4. Em tais circunstâncias, quando o credor/Exequente quiser obter, ou abranger com a penhora, bens comuns do casal, e seja portador de um título executivo no qual apenas teve intervenção um dos cônjuges, deverá lançar mão dos mecanismos que a lei põe ao alcance do credor: o art. 825º do CPC.
5. Deverá, assim, requerer a citação do cônjuge do executado para os fins aí previstos, v.g., de aceitação da comunicabilidade da dívida, para efectivação da penhora de bens comuns do casal. O que não fez.
6. Nestes termos, e por inexistência de título executivo, deve ser indeferida liminarmente a presente execução contra as citadas Executadas.
(ALG)
Decisão Texto Parcial:
Decisão Texto Integral: ACORDAM NO TRIBUNAL DA RELAÇÃO DE LISBOA

I – 1. Os Exequentes Fausto (…) e Irene (…) instauraram acção de execução sumária para pagamento de quantia certa, contra Pedro (…), Justino (…), Sandra (…) e Ângela (…), Pedindo o pagamento da quantia em dívida no montante de € 121.207,30.

Para tanto apresentaram como título executivo um contrato de mútuo e alegaram que no referido contrato os executados confessaram-se devedores aos Exequentes do capital mutuado, e dos juros convencionados, bem como os demais encargos bancários e despesas que identificam, quantias que os Executados não pagaram.
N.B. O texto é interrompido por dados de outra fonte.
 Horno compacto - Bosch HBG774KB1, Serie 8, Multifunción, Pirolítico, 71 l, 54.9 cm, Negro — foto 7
Juntaram aos autos o contrato de mútuo celebrado no dia 1/4/2010, entre os Exequentes e os 2 primeiros Executados – Pedro e Justino – onde se pode ler que estes Outorgantes/Executados “receberam a título de empréstimo dos 1ºs Outorgantes/Exequentes e como tal se confessam devedores da importância de 100.000,00 € ”“e que o capital mutuado vence juros à taxa anual” ali fixada.

Documento que se mostra subscrito pelos intervenientes e outorgantes no contrato de mútuo: os Exequentes e os referidos Executados – cf. fls. 6 e segts.
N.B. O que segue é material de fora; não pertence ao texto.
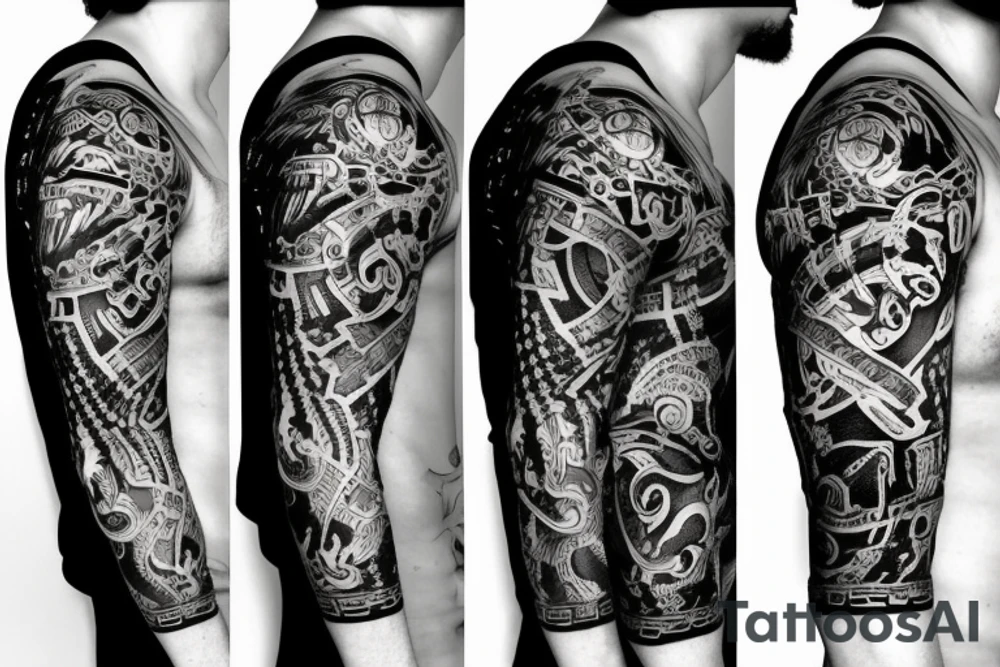 Roman number three tattoo idea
2. Seguiram-se as penhoras, nomeadamente de imóveis e veículos – cf. fls. 220.

3. Conclusos os autos, o MMº Juiz do Tribunal “a quo” rejeitou a execução quanto às Executadas Sandra (…) e Ângela (…), por ter considerado “ser manifesta a falta de título quanto às mesmas” e, em consequência, ordenou o levantamento das penhoras efectuadas sobre bens da sua titularidade – cf. fls. 251.

Fundamentou a sua decisão no facto de a execução ter sido interposta com base num contrato de mútuo celebrado entre os Exequentes e Pedro Justino. E uma vez que não constam como outorgantes de tal contrato as Executadas Sandra e Ângela, com quem os restantes executados seriam casados, respectivamente, à data da escritura, concluiu pela inexistência de título executivo quanto àquelas.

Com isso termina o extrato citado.